(PROVIDED DATA):

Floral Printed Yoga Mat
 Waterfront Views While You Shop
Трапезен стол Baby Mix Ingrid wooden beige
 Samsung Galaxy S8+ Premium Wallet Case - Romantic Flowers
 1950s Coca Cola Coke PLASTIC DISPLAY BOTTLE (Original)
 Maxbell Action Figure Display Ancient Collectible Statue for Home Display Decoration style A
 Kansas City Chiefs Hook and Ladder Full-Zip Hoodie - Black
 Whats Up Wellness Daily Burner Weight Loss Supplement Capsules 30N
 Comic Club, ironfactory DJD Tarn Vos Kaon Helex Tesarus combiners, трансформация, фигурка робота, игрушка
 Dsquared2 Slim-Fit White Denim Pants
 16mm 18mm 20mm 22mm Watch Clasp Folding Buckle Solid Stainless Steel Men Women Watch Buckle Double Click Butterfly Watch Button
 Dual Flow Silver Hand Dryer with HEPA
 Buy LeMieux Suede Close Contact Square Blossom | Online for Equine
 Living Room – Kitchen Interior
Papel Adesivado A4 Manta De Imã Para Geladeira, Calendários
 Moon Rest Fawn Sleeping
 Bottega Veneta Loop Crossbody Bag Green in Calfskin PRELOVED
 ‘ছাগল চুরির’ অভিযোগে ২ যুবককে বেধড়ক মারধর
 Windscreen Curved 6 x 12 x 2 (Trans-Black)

(ASSIGNMENT): Using the records above, write out exactly the lines between the one holding "Comic Club, ironfactory" and the one holding "Dual Flow Silver Hand Dryer with HEPA", inclusive; leave everything else out.

(WRITTEN SOLUTION):
 Comic Club, ironfactory DJD Tarn Vos Kaon Helex Tesarus combiners, трансформация, фигурка робота, игрушка
 Dsquared2 Slim-Fit White Denim Pants
 16mm 18mm 20mm 22mm Watch Clasp Folding Buckle Solid Stainless Steel Men Women Watch Buckle Double Click Butterfly Watch Button
 Dual Flow Silver Hand Dryer with HEPA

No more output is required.